Tiles, Layouts, and TMA¶
Every kernel decorator opens with something like:
@kernel(
in_specs=(
Tile.wgmma_a(M, K, bf16, tile_m=BM, tile_k=tile_k),
Tile.wgmma_b(K, N, bf16, tile_k=tile_k, tile_n=BN),
),
out_specs=(Tile(M, N, f32, Layout.ROW),),
grid=(N // BN, M // BM, 1),
block=(128, 1, 1),
arch="sm_90a",
)
Every argument is load-bearing. This page is a reference for what each
piece controls, when to pick which, and how the Tile / Layout /
tma_box triple composes into a working TMA descriptor + matching
SMEM allocation. Read this before writing a new kernel with different
shapes from the examples.
The Three Roles A Tile Plays¶
A Tile in an @kernel spec does three things at once:
- Shape contract. Tells the framework what shape of JAX/PyTorch
tensor the kernel accepts (or outputs). Symbolic dims like
Tile("M", "K", bf16)are bound at call time from the actual tensor shape. - dtype. The element type — bf16, f32, b32, etc. Must match the runtime array dtype exactly.

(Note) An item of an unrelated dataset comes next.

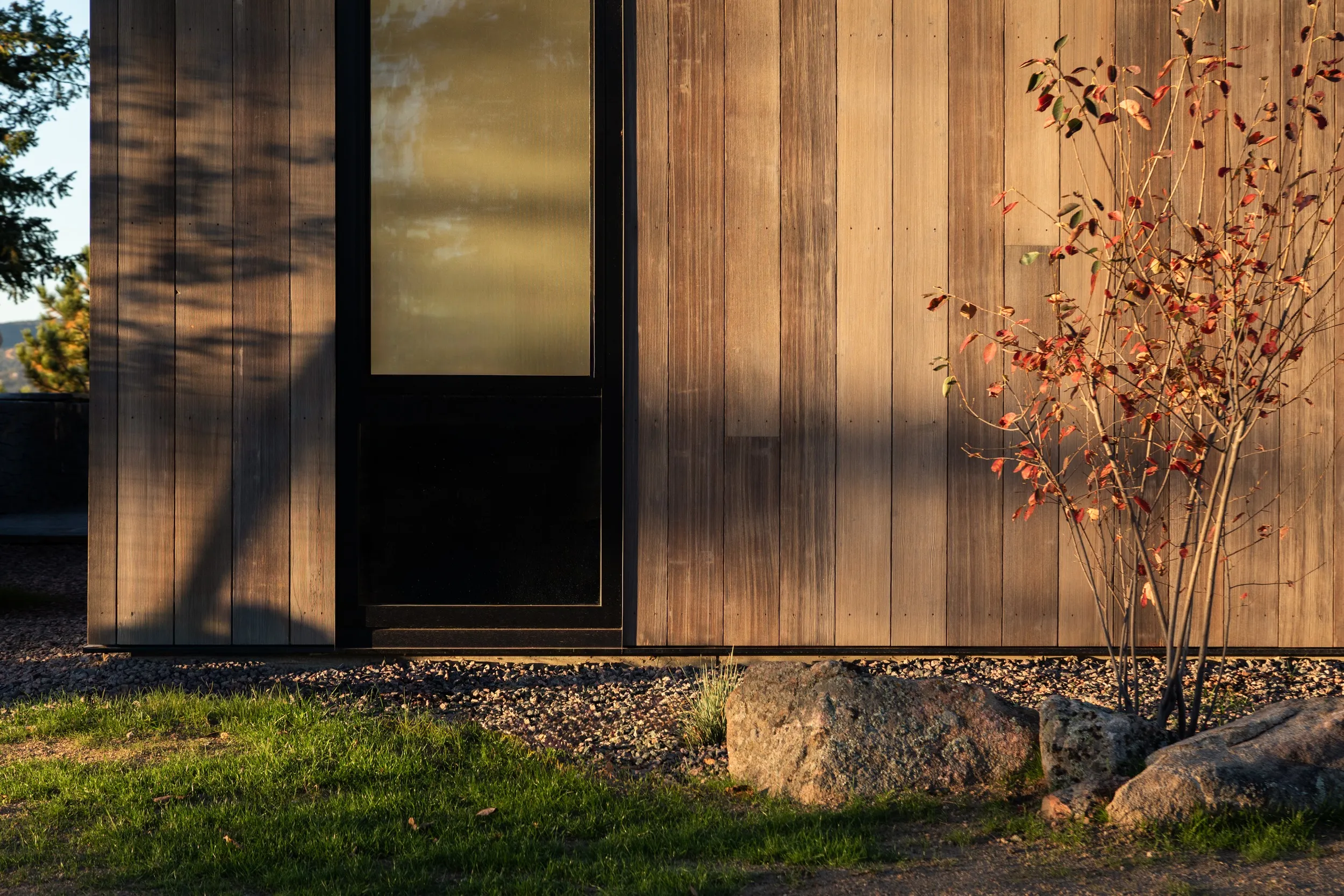 Exterior dark wood siding window golden, the QAV team in Colorado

- TMA descriptor specification. For input tiles, the
Layoutplustma_boxdetermine the TMA descriptor the framework builds and hands to the kernel at launch time (viatensor.tma_desc()inside the kernel body).
The output spec only uses (1) and (2) — outputs are written via plain
st.global.*, not TMA (the maintained examples use TMA for inputs
only).
Layout: What Each Value Means¶
class Layout(Enum):
ROW = "row" # row-major (C order), no swizzle
COL = "col" # column-major (Fortran order)

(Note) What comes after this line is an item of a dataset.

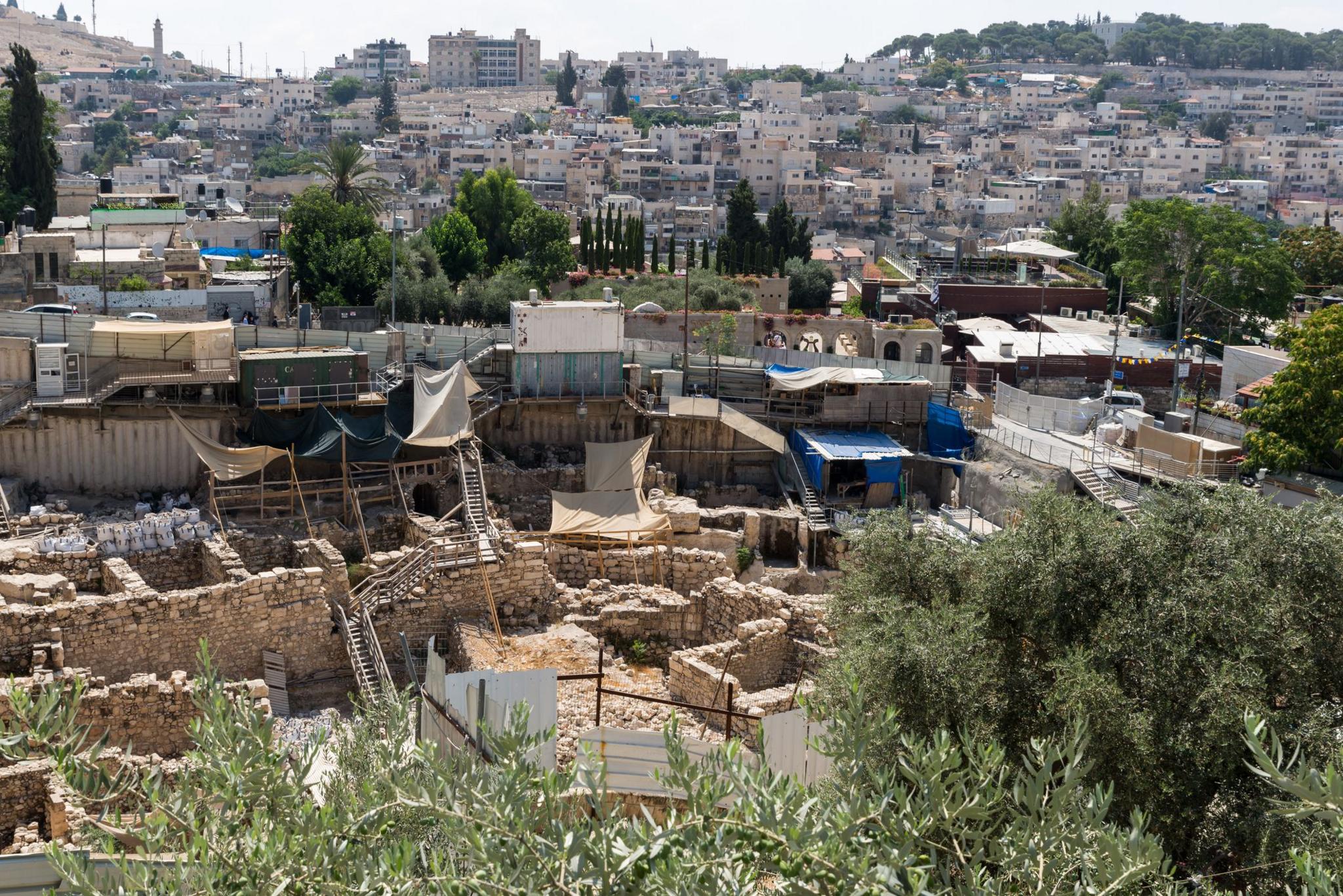 The excavation site with modern buildings of Jerusalem in the background.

TMA_128B = "tma_128b" # TMA 128-byte swizzle
TMA_64B = "tma_64b" # TMA 64-byte swizzle
TMA_32B = "tma_32b" # TMA 32-byte swizzle
INTERLEAVED = "interleaved" # CUTLASS interleaved
The three values you'll use 95% of the time:
Layout.ROW— the default. Use for outputs. Use for inputs that don't feed a tensor-core instruction (e.g. element-wise kernels like RMS Norm, SwiGLU). No swizzle, plain row-major DRAM walk.Layout.TMA_128B— the canonical WGMMA/tcgen05 input swizzle. Use for inputs that feedwgmma.mma_asyncortcgen05.mma. The TMA engine writes data into SMEM in a permuted pattern that WGMMA reads back as logical row-major. Required for any bf16/f16 operand with row width ≥ 128 bytes (N ≥ 64 for bf16).Layout.TMA_64B/TMA_32B— smaller swizzle variants used when the row is narrower than 128 bytes. Usually picked automatically byTile.wgmma_a/Tile.wgmma_b— you only reach for these manually when you're building a kernel with an unusual operand shape.

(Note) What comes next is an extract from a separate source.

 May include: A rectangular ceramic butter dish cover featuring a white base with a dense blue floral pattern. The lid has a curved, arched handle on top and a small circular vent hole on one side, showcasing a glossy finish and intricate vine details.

Layout.COL and Layout.INTERLEAVED exist for completeness; the
maintained examples don't use them.
The Swizzle Matching Rule¶
The single most important fact about Layout.TMA_*B:
The TMA swizzle and the SMEM swizzle must be the same.
TMA writes into SMEM using one permutation. WGMMA reads from SMEM using another. These two permutations compose to identity — giving you logical row-major order back — only if they're the same swizzle family. Mismatched swizzles produce garbage output as soon as the result depends on the K-pairing across slices.
Concretely:
# In the @kernel spec:
Tile.wgmma_a(M, K, bf16, tile_m=BM, tile_k=tile_k) # → Layout.TMA_128B
# In the kernel body:
sA = smem.wgmma_tile(bf16, (BM, tile_k), major="K") # also 128B
Tile.wgmma_a picks Layout.TMA_128B when the row is ≥ 128 bytes
(which covers most real cases); smem.wgmma_tile picks its swizzle
based on the same tile shape. They match by construction. If you
build the TMA and SMEM sides by hand without the wgmma_* shortcuts,
you are responsible for matching them — they don't check each
other.
When To Use Tile.wgmma_a vs Plain Tile¶
Rule of thumb:
Tile.wgmma_a(M, K, bf16, tile_m=BM, tile_k=tile_k): for any input that feedswgmma.mma_asyncortcgen05.mma. This picks the rightLayout.TMA_*B, setstma_box=(tile_m, tile_k), and the SMEM swizzle you'll allocate viasmem.wgmma_tile(...)will compose correctly. Usewgmma_b(K, N, bf16, tile_k, tile_n)for the B operand.Tile(M, N, f32, Layout.ROW): for outputs and for non-MMA inputs (element-wise kernels). No TMA, plain row-major access viald.global.*/st.global.*.Tile(M, K, bf16, Layout.TMA_128B, tma_box=(BM, BK)): the explicit form, used by the Blackwell flagship kernel. Same result asTile.wgmma_a(M, K, bf16, tile_m=BM, tile_k=BK)but makes the layout choice visible. Use when you want to set the layout deliberately (e.g. Blackwell, where you may want different swizzle patterns than the auto-picked WGMMA one).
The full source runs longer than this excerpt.